• _Extracted records_:
####
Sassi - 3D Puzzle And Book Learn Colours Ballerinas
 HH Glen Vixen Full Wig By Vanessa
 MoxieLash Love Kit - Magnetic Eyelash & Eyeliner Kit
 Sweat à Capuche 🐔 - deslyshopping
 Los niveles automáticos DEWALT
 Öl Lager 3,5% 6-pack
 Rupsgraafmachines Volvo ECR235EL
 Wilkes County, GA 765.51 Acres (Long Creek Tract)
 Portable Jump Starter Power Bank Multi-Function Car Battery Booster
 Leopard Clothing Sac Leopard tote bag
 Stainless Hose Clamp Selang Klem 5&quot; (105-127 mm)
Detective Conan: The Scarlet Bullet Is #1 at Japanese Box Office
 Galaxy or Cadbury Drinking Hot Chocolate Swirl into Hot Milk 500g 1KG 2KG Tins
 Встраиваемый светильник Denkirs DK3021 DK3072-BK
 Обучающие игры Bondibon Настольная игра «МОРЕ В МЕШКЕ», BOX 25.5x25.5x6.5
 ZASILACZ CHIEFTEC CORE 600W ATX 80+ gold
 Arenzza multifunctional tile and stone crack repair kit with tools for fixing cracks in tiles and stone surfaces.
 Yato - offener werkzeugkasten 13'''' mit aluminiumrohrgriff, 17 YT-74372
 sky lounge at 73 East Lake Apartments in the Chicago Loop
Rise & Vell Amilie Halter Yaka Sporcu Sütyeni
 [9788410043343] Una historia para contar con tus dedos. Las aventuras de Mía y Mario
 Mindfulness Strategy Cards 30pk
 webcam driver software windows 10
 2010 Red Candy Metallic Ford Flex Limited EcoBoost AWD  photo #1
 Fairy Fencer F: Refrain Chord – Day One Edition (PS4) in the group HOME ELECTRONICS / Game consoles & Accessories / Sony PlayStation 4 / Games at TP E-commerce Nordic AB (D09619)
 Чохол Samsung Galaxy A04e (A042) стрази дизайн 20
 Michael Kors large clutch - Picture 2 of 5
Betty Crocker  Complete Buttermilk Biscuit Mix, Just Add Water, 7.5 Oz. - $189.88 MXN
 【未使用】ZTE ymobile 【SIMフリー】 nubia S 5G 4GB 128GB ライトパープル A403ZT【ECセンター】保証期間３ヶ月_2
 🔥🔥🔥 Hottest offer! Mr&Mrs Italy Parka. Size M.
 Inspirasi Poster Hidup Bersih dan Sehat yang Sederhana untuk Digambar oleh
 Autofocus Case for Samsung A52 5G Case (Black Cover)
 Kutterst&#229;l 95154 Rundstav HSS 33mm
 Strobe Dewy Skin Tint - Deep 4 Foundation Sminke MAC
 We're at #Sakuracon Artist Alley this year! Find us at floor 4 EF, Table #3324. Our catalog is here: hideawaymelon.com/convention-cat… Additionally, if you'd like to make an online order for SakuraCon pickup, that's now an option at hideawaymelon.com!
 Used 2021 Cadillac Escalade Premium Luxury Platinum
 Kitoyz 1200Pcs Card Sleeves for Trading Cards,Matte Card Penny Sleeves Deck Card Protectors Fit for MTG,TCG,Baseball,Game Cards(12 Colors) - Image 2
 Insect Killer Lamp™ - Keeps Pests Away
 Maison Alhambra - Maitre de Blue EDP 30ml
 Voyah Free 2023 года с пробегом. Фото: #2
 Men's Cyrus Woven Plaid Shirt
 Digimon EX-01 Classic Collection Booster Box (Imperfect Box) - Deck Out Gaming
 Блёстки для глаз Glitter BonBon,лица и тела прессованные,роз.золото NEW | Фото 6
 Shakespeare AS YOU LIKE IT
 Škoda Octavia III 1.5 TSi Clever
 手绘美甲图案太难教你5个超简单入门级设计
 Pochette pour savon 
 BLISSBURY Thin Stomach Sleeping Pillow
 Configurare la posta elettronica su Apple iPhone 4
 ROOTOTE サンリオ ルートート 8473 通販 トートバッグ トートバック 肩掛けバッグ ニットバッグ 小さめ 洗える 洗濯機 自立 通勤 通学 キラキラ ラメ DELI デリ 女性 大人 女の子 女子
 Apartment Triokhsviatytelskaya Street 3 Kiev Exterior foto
####
• _REQUIRED ACTION_:
Only the lines above from the line containing "Встраиваемый светильник Denkirs" through the line containing "2010 Red Candy" should be retyped, exactly and with both ends included.

• _SOLVED PROBLEM_:
 Встраиваемый светильник Denkirs DK3021 DK3072-BK
 Обучающие игры Bondibon Настольная игра «МОРЕ В МЕШКЕ», BOX 25.5x25.5x6.5
 ZASILACZ CHIEFTEC CORE 600W ATX 80+ gold
 Arenzza multifunctional tile and stone crack repair kit with tools for fixing cracks in tiles and stone surfaces.
 Yato - offener werkzeugkasten 13'''' mit aluminiumrohrgriff, 17 YT-74372
 sky lounge at 73 East Lake Apartments in the Chicago Loop
Rise & Vell Amilie Halter Yaka Sporcu Sütyeni
 [9788410043343] Una historia para contar con tus dedos. Las aventuras de Mía y Mario
 Mindfulness Strategy Cards 30pk
 webcam driver software windows 10
 2010 Red Candy Metallic Ford Flex Limited EcoBoost AWD  photo #1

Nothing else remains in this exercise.